Tobacco banned — again

Written January 8th, 2013 by
No smoking, in two languages, has been the policy at the Department of Human Services for a long time.

No chewing or smoking, in two languages, has been the policy at the Department of Human Services for a long time.

Since the first of the year, the governor’s smoking ban has been in effect in most of Oregon state government. Wait a minute, you say. Wasn’t smoking banned already? Yes, it has been, for many years. State law bans it in any work place, including bars and taverns. And now some colleges including Oregon State University have banned it on all their outdoor property as well. So what exactly did the governor’s executive order accomplish?

Well, the governor’s office says it will save money. The executive order says that according to “conservative estimates,” state employees who smoke cost the state more than $13 million year. Really? How? Presumably by being sick more often and incurring health care costs that non-smokers avoid. But in my experience — from the days when smoking was still accepted — the smokers among our employees missed work no more frequently than non-smokers, and the people who called in sick with some regularity did not smoke at all. Still, who am I to doubt “conservative estimates” the state claims it has?

A survey reported by the Statesman Journal, the Salem newspaper, showed that 4 percent of Oregon’s 50,000 state workers smoke. That means the number of smokers in the state work force is about 2,000. Now if those 2,000 are costing the state $13 million a year in extra expense, or $6,500 per smoker, here’s what the governor could have done instead of posting a redundant ban: He could have made smokers this offer. “If you quit, we’ll pay you half the money we save.” Bet you that a $3,250 bonus for quitting would work better than sending hapless employees out across the street every break to have a smoke. (hh)
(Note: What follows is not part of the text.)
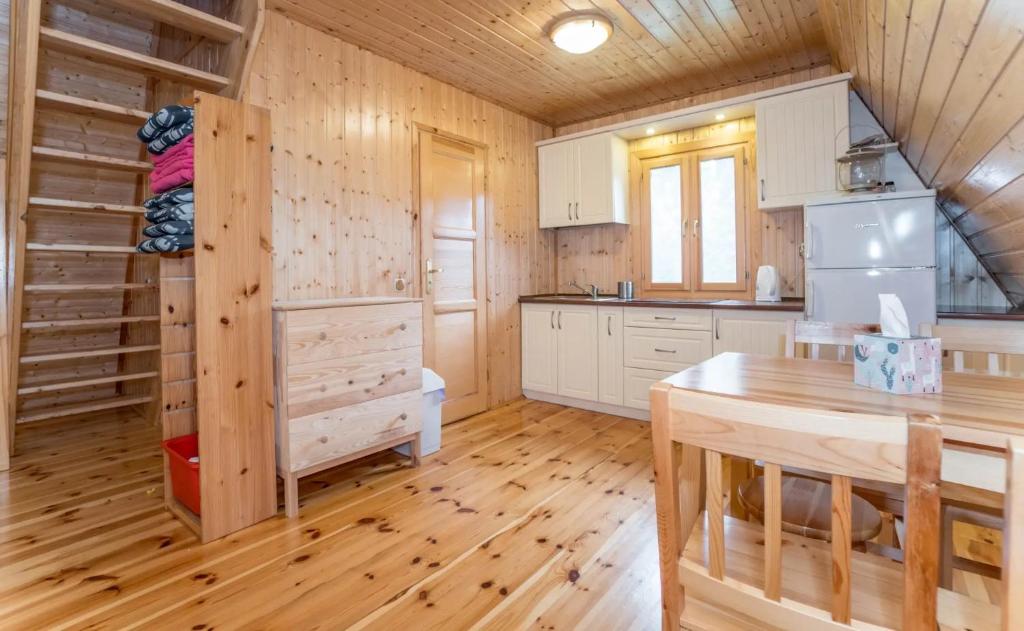 una cocina con suelo de madera y una mesa en una cabaña en Domki w Krasnobrodzie, en Krasnobród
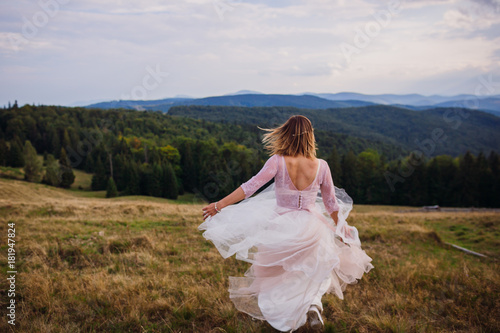 Gorgeous bride whirls on the hill before beautiful mountain landscape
Donna Francis Thurman (via Facebook): Oh Hasso, you are SO entirely correct!  Rather than making us (State employees) feel like criminals at best, or some kind of lower life form, the governor could have done something different.  The MEMO that came out to all state employees even encouraged non-smoking employees to approach their smoking co-workers and tell them how bad smoking is for them and the community.  I’ll see if I can get a copy of that for you.  (It also told them “not to be rude” when they did so!)  Another DUHHHH moment in state government.